The year 2017 has been an up and down one for Stephen King adaptations. While there were The Dark Tower and The Mist series, there was also the well-received Mr. Mercedes and the newly-crowned most successful Horror film ever, IT. Because of all this, Hollywood seems to have a renewed interest in King’s work, and there is more coming down the pipe before the year is out.
One of the most anticipated is the long awaited film of Gerald’s Game. Based on his 1992 novel, it is often cited as a fan-favorite and one of his more twisted stories, which says a lot considering the body of work. Premiering on September 29th on Netflix, Gerald’s Game proves to be an excellent adaptation overall, and while it has some changes from the book, it captures the suspense and psychological terror King created in the novel.
Directed by Horror veteran Mike Flanagan (Oculus 2013, Ouija: Origin of Evil 2016), the premise of Gerald’s Game is simple. A lawyer and his trophy wife embark on a weekend getaway to respark their fading marriage. As part of the revival, Gerald Burlingame, the husband, plans some kinky bedroom role-playing which involves him handcuffing his wife, Jessie, to the bed. Jessie is reluctant but agrees to his ‘game,’ but quickly realizes that it makes her very uncomfortable and orders Gerald to uncuff her. Just then, Gerald suffers a fatal heart attack, falling off the bed and leaving Jessie helplessly cuffed in nothing but her nightgown.
What follows are Jessie’s increasingly desperate attempts to find a way to free herself not just from the handcuffs, but dealing with hunger, dehydration, and hallucinations as she is forced to face her innermost fears and childhood trauma all alone. As if this was not enough, there is a loose dog who find its way into the room, as well as a terrifying stranger who collects bones and trinkets, and who may or may not be real. Jessie tries everything from breaking the wood on the headboard, to knocking a glass of water off a shelf above her to free herself, but as her frustration grows, her mental state deteriorates. She begins to see Gerald in the room with her, even though he is really dead on the floor, and they discuss their marriage and where it all went wrong. These conversations serve as a catharsis for her as well as motivation to think and act quickly because no one is coming to help her and she will be too weak to move sooner than later.
There is also a very disturbing flashback to her pre-teen years of the abuse she suffered from her father, which would shape her interactions with men for the rest of her life. That said, this is not a movie filled with thrills, but rather a well-paced Psychological Drama that accentuates trauma and its effects on a young woman into adulthood, and her journey to save herself from both her past and present.

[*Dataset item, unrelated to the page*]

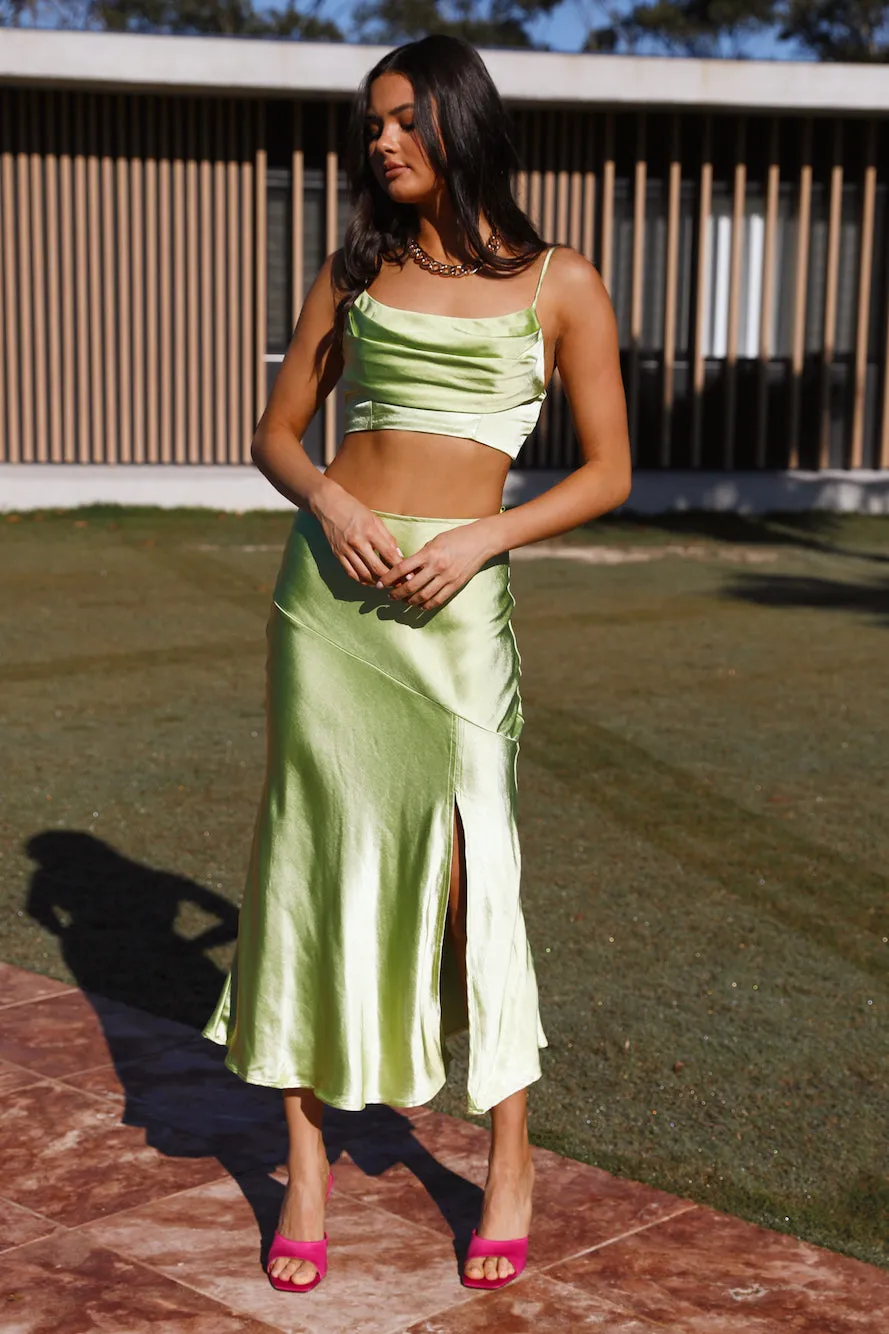 Chasing Heartbeats Crop Lime sold by Hello Molly product image thumbnail 3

Flanagan proves again to be highly skilled in capturing the right atmosphere for a suspense story, and also Jessie’s deteriorating sanity. The performances are all excellent, with Carla Gugino (Sin City 2005, Spy Kids films) as Jessie and Bruce Greenwood (I, Robot 2004, Star Trek 2009) as the titular Gerald taking on the lion’s share of screen time. Gugino perfectly captures Jessie, who is always vulnerable but never totally helpless thanks to her mental toughness and grit.

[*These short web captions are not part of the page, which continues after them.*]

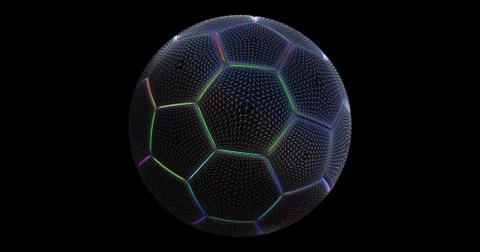 Soccer ball network 库存插图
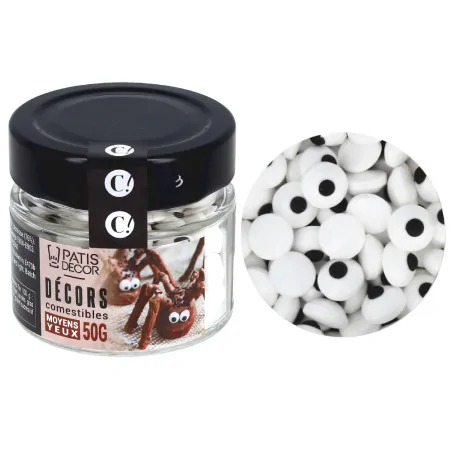 Moyens yeux comestibles 50 g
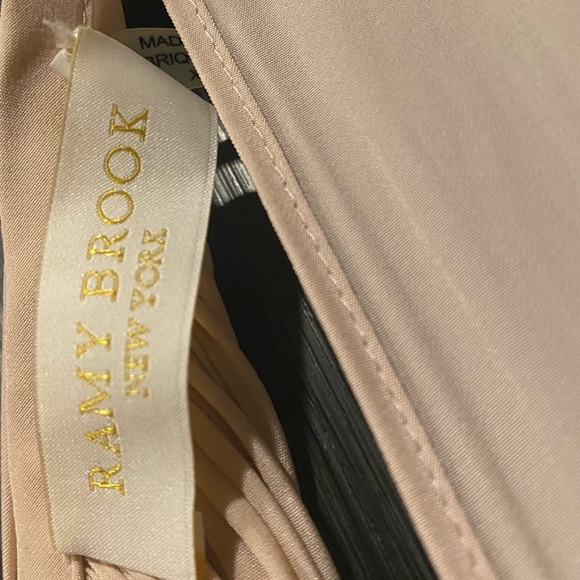 Ramy Brook Paris dress. Color is blush. Size XS. - Picture 4 of 5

Likewise, Greenwood’s performance is exactly how Gerald should be, a man who is hopelessly obtuse about his marriage and lack of meaningful connection with his wife. This is seen somewhat in the beginning, but really takes off after his death and Jessie’s subsequent hallucinogenic interactions with him. A mention must also go to Dutch Actor Carel Struycken (The Addams Family 1991, Twin Peaks series) who is absolutely terrifying as the mysterious Moonlight Man. Standing at 7 feet tall, it does not take much for him to intimidate, but his body language and the makeup effects ensure a faithful portrayal of the scariest character in the story.
For those who compare books to the films, there are a few differences. The main one is that Gerald is still older but a fit and attractive man, where in the book he is a fat, gluttonous pervert who never approaches likeable. Jessie’s reaction to Gerald’s twisted fantasy is more aggressive in the book, but this does not affect the story or characters much. The movie has a sense of reconciliation between Jessie and Gerald that while not present in the books, adds to the main theme of Jessie’s personal redemption. Fans will be glad to know that the book’s most harrowing scene of Jessie finally freeing herself is there in all its glory, and will no doubt make many viewers cringe or look away.
Gerald’s Game is an overall excellent adaptation, with strong performances, great directing, and a script that never lets the audience look away. This is a proper Suspense story with the right amount of scares at the right times, and an atmosphere so thick with desperation you can cut it with a knife. Gerald’s Game is brand new, but might have already earned itself a spot on the top ten list of Stephen King film adaptations. A good year for King fans continues, and CrypticRock gives this movie 4.5 out of 5 stars.